**Input for this task:**
_ _ _ _

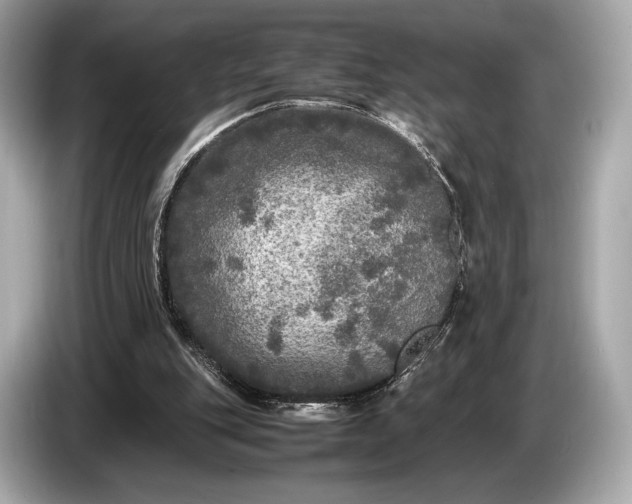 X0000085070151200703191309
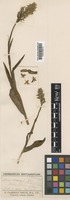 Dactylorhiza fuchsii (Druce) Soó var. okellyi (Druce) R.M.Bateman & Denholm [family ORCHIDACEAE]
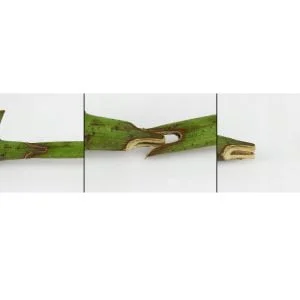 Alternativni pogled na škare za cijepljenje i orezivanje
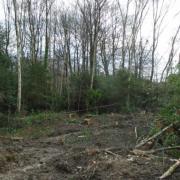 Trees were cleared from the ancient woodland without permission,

_ _ _ _

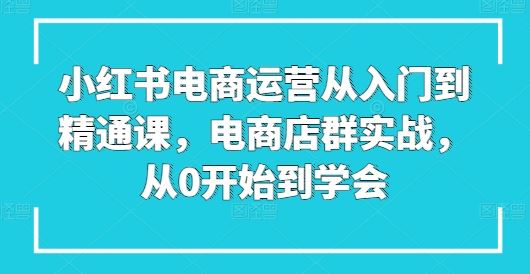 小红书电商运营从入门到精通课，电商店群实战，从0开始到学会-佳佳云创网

_ _ _ _

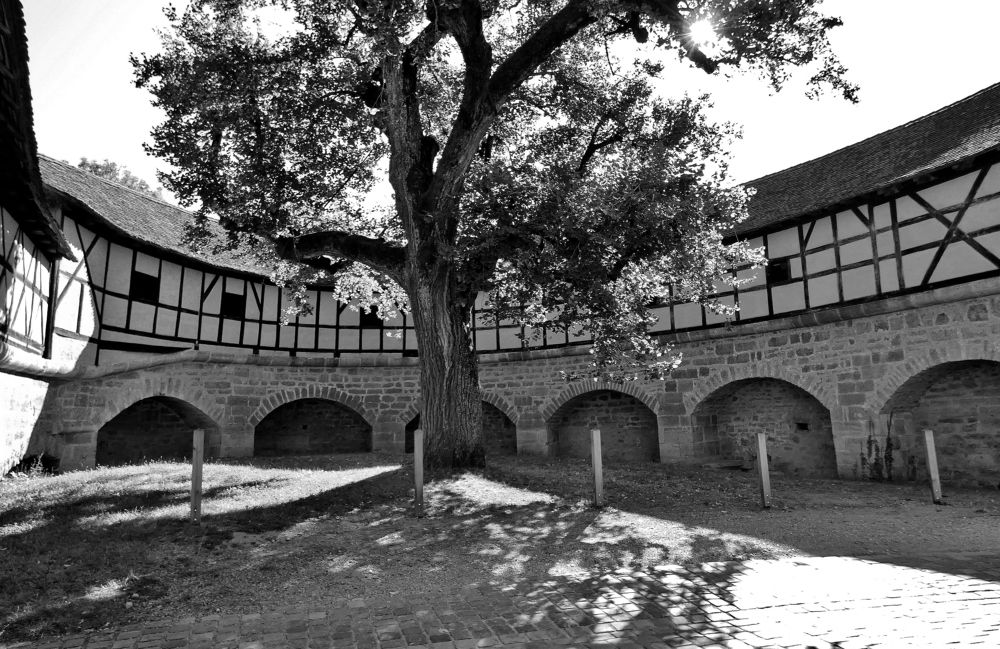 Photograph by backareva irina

_ _ _ _

**About this task:** With the pictures left out, write out exactly the lines above from the one containing "Alternativni pogled na" through the one containing "Trees were cleared".

**Response to this exercise:**
 Alternativni pogled na škare za cijepljenje i orezivanje
 Trees were cleared from the ancient woodland without permission,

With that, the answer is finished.